Details

    • New Feature
    • Resolution: Fixed
    • Minor
    • Lustre 2.4.0
    • Lustre 2.4.0
    • HSM
    • 4118

    Description

      Add the possibility to swap the layouts between to files.
      This feature will be used to migrate files inside Lustre (eg for rebalance) and by HSM to restore files from archive
      This patch is the mdd part of the feature, the high level design is:
      – Start transaction
      – Read LOV EA from obj1 & obj 2
      – Run xattr_set(obj1, layout2) & xattr_set(obj2, layout1)
      (LOD should not take any action)
      – Stop transaction

      Attachments

        Issue Links

          Activity

            [LU-2016] Layout swapping, MDD part

            Change 4189 is landed, can this be closed?

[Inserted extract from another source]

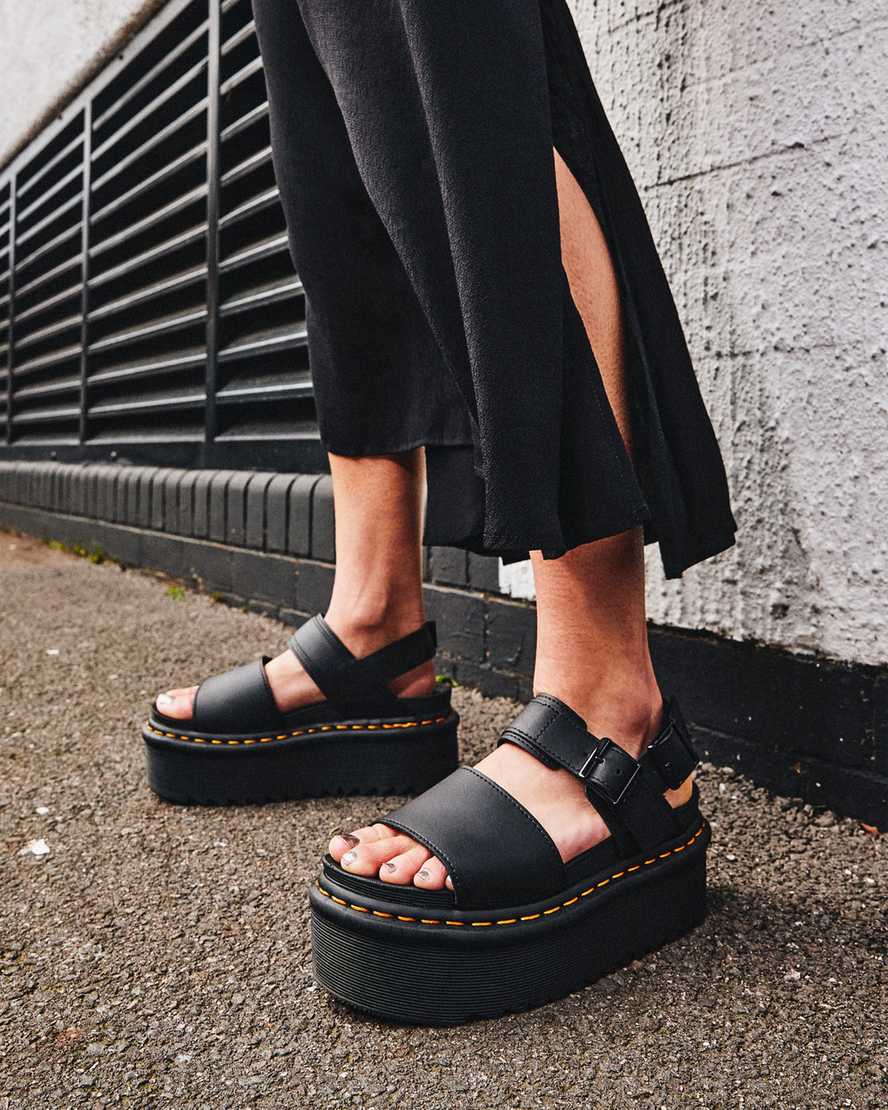 schwarze dr. martens voss strap plateau-sandalen für damen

            adilger Andreas Dilger added a comment - Change 4189 is landed, can this be closed?

            I am implementing lfs swap_layouts in LU-2017, I should push a first version next week.
            I have made a simple test without concurrent access, I will add the concurrent access test.

            About the open, today I open with O_WRONLY in place of O_RDONLY because swaping is changing file content.
            With O_RDONLY someone can swap file it should not be able to modify.

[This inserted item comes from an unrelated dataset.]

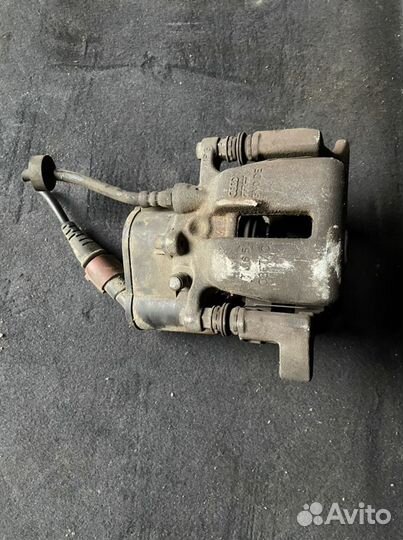 Суппорт задний с мотором audi A6C6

            jcl jacques-charles lafoucriere added a comment - I am implementing lfs swap_layouts in LU-2017 , I should push a first version next week. I have made a simple test without concurrent access, I will add the concurrent access test. About the open, today I open with O_WRONLY in place of O_RDONLY because swaping is changing file content. With O_RDONLY someone can swap file it should not be able to modify.

            I was thinking that a good sanityt test for the layout swap and layout lock code would be to implement an "lfs swap" command and hook this into the "lfs_migrate" script instead of using "mv". The core "lfs swap"/"lfs_swap" command functionality should be implemented via new llapi helpers:

            int llapi_fd_layout_swap(int src_fd, int tgt_fd, __u64 flags)
            {
                    struct ll_layout_swap lls = { .lls_tgt = tgt_fd, .lls_flags = flags };
            
                    return ioctl(fd, LL_IOC_LOV_LAYOUT_SWAP, (void *)&lls)
            }
            
            int llapi_file_layout_swap(const char *src_path, const char *tgt_path, __u64 flags)
            {
                    int src_fd, tgt_fd;
            
                    src_fd = open(src_path, O_RDONLY);
                    tgt_fd = open(tgt_path, O_RDONLY);
                    /* error handling and such */
            
                    return llapi_fd_layout_swap(src_fd, tgt_fd, flags);
            }
            

            Where ll_file_ioctl(LL_IOC_LOV_LAYOUT_SWAP) triggers an MDS RPC to call mdd_swap_layouts().

            "lfs swap" wouldn't be 100% atomic yet, since the copy + swap would not yet be safe from other thread modifying the original object during the copy, but it would at least fix the problem of preserving open file handles on the original file and would be a good step toward implementing a full atomic "lfs migrate".

            A test script for this code could look like:

            1. generate 10s of verifiable IO data
              dd if=/dev/urandom of=$DIR/$tfile.orig bs=1M &
              DD_PID=$?
              sleep 10
              kill $DD_PID
            1. copy the data, while swapping the layout repeatedly and
            2. changing the stripe count to exercise the IO/LOV code
              dd if=$DIR/$tfile.orig of=$DIR/$tfile.copy bs=1M &
              DD_PID=$?
              sleep 0.5
              while kill -STOP $DD_PID; do
              lfs_migrate -y -c $((RANDOM % OSTCOUNT)) $DIR/$tfile.copy
              kill -CONT $DD_PID
              sleep 1
              done
            1. verify that the migrated file matches the original
            2. lfs_migrate itself verifies each copy after it is made
              cmp $DIR/$tfile.orig $DIR/$tfile.copy || error "compare failed"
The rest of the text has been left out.